Vaderlandsch woordenboek

Jacobus Kok (1780)

Gepubliceerd op 09-12-2022

Oldenseel

betekenis & definitie

OLDENSEEL, voor deezen een fraai Steedtje in de Nederlanden, nog tegenwoordig de hoofdplaats van het Drostampt Twenthe, in de Provincie van Overijssel, niet verre van de grenzen van het Graafschap Benthem. Oldenseel, of, gelijk zommigen schrijven, Oldensaal, zou zijnen naam ontleend hebben van de aloude Saliërs, die hier hunne woonplaats plagten te hebben. Gewisselijk is deeze Plaats van hooge oudheid, indien 't waarheid zij, dat BOUDEWYN DE I, Vrijheer van Kleef, dezelve van Keizer LODEWYK DEN GODVRUGTIGEN ten geschenke ontvangen hebbende, in den Jaare 817 haar met Vestingwerken heeft voorzien.
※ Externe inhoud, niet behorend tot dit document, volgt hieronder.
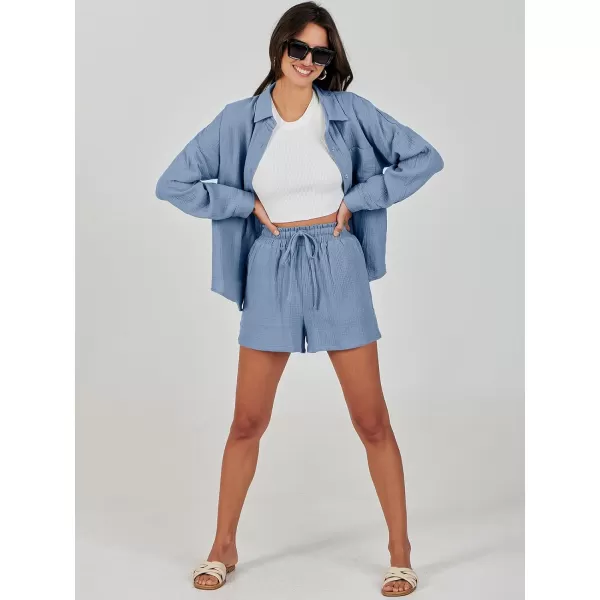imageANRABESS 2 Piece Outfits For Women Linen Sets Long Sleeve Button Down Oversized Shirts Lounge Matching Short SetsBlue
Prins MAURITS maakte 'er zich meester van, in den Jaare 1597. De Markgraaf VAN SPINOLA, in den Jaare 1605, dezelve voor de Spanjaards bemagtigd hebbende, bleef zij in die handen tot in den Jaare 1626, wanneer Graaf ERNST KASIMIR VAN NASSAU de Plaats innam, en, op hoogen last der Staaten, de Vestingwerken slegtte.